When asked if any outsourcers were deploying natural language understanding to community and social channels, Ragsdale was intrigued by the prospect. "Coveo just came out with a machine-learning version of their product that can start predicting what people are going to ask, and regardless of how a customer phrases a question, it's going to give the right answer most of the time," he says. Though no speech or language technologies are currently being used to moderate communities, Ragsdale sounds optimistic. "If we can build these avatars that can anticipate and answer a question, then we should be able to do the same thing in the community."

The Evolving Role of Speech Technology

With omnichannel as the big trend and social and community incorporation as the enterprise frontier, the question of speech technology's role in contact center outsourcing remains.

"There are still billions of dollars spent on care, feeding, and maintenance of IVR platforms, and that's where Nuance, Avaya, Genesys, Cisco Systems, and Interactive Intelligence have been selling port-based IVRs," says Dan Miller, lead analyst and founder of Opus Research. "It's like a $3.5 billion dollar industry. There's serious money spent on speech in the enterprise contact center. And then there's this new model that moves the focus to natural language understanding and rendering either as chat or voice."
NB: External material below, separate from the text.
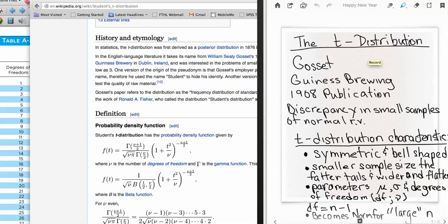This video is about the t-distribution. The t-distribution is related to the normal distribution. It was discovered in the 1800s and publications were written about it in 1908 by a man named Gossett.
Jacobs asserts that the increased reliance on chat and other self-service channels by customers and clients alike is in turn increasing how competent traditional channels like call centers are required to be.

"Inquiries that actually do come into the call centers are actually more complex and customers seem to be a bit more frustrated because they already tried self-service and failed," he notes. "Our old idea of tier-two agents is becoming more what tier one is now. And tier three is collapsing into tier two."

And while most of the industry now seems to be focusing on leveraging natural language understanding to employ chat or voice artificial intelligence solutions, Ragsdale points out that speech as a channel is being left out of the omnichannel knowledge base. "Speech is really the lost channel," he says. "We've got text from the emails and the chat interactions, but so much of these voice interactions could be incredibly valuable information—the type of information that's in every call center conversation and we're not recording and leveraging today."